* **Dataset section**:
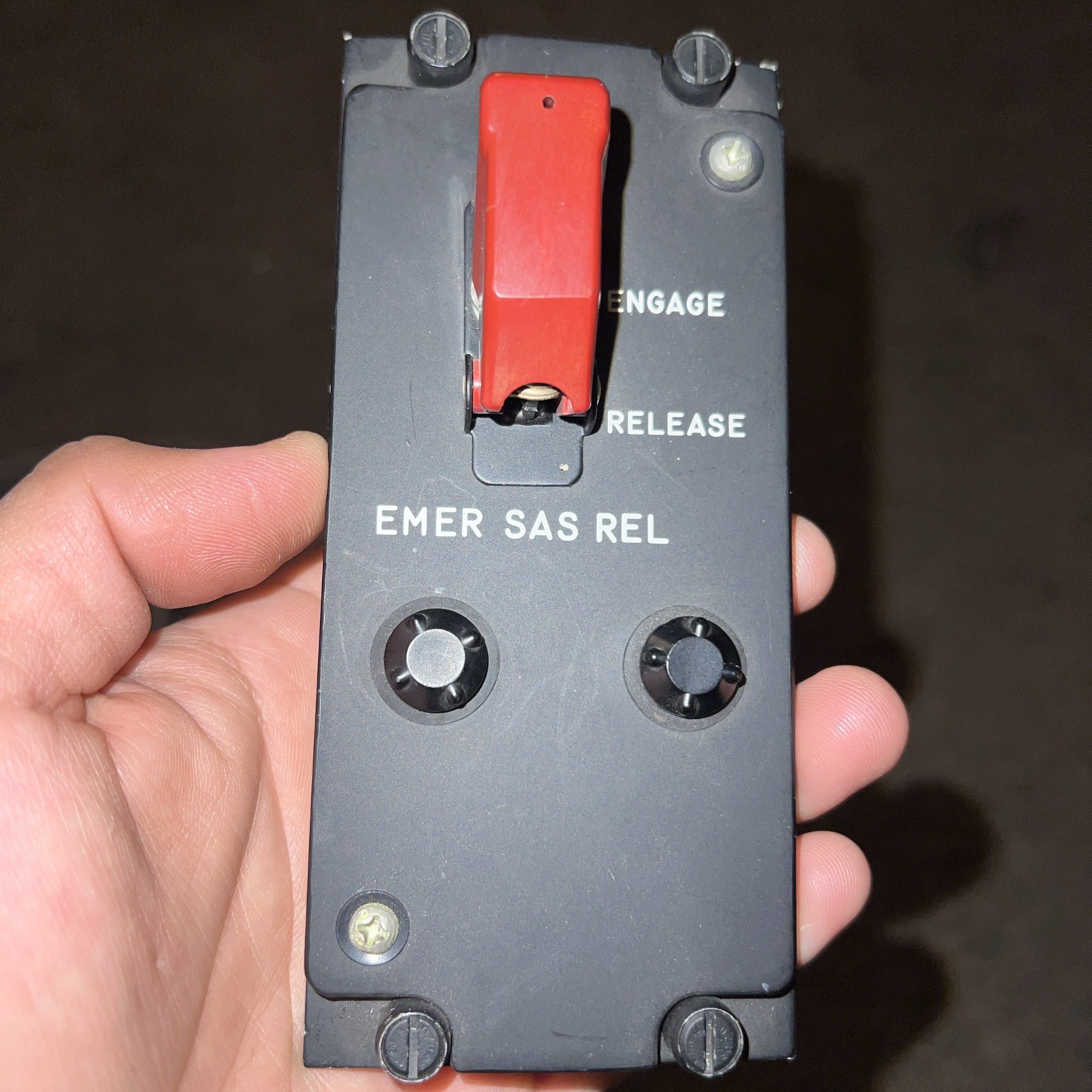 Vintage Military Aircraft EMER SAS REL Switch Panel Guarded Engage Release Cockp Vintage Military Aircraft EMER SAS REL Switch Panel Guarded Engage Release Cockp
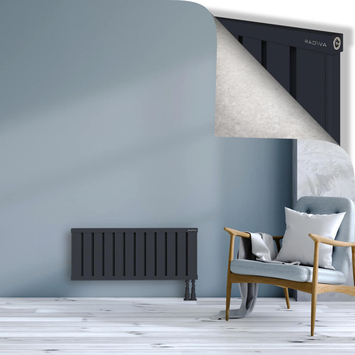 Obi Dekoratif Alüminyum Radyatör 400x964 Koyu Antrasit Alt Sağ 50mm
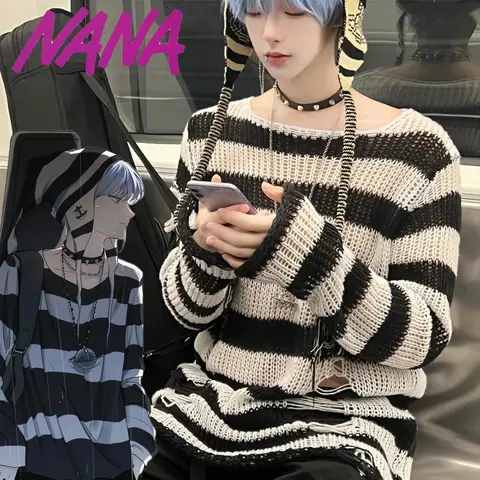 Anime NANA Okazaki Shinichi Cosplay Kostüm Unisex Şerit Örme Kazak Sonbahar Yırtık Düzensiz Kazak Üst parti giysileri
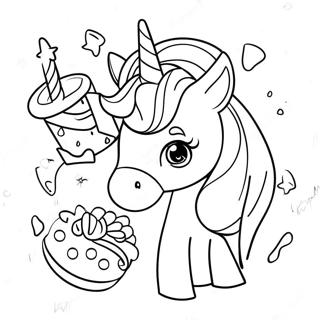 Magische Einhorn Leckereien Ausmalbild | Einhorn Essen Ausmalbild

* **Task to carry out**: Set down the complete material exactly, but do not include the images.

* **Expected answer**:
 Vintage Military Aircraft EMER SAS REL Switch Panel Guarded Engage Release Cockp Vintage Military Aircraft EMER SAS REL Switch Panel Guarded Engage Release Cockp
 Obi Dekoratif Alüminyum Radyatör 400x964 Koyu Antrasit Alt Sağ 50mm
 Anime NANA Okazaki Shinichi Cosplay Kostüm Unisex Şerit Örme Kazak Sonbahar Yırtık Düzensiz Kazak Üst parti giysileri
 Magische Einhorn Leckereien Ausmalbild | Einhorn Essen Ausmalbild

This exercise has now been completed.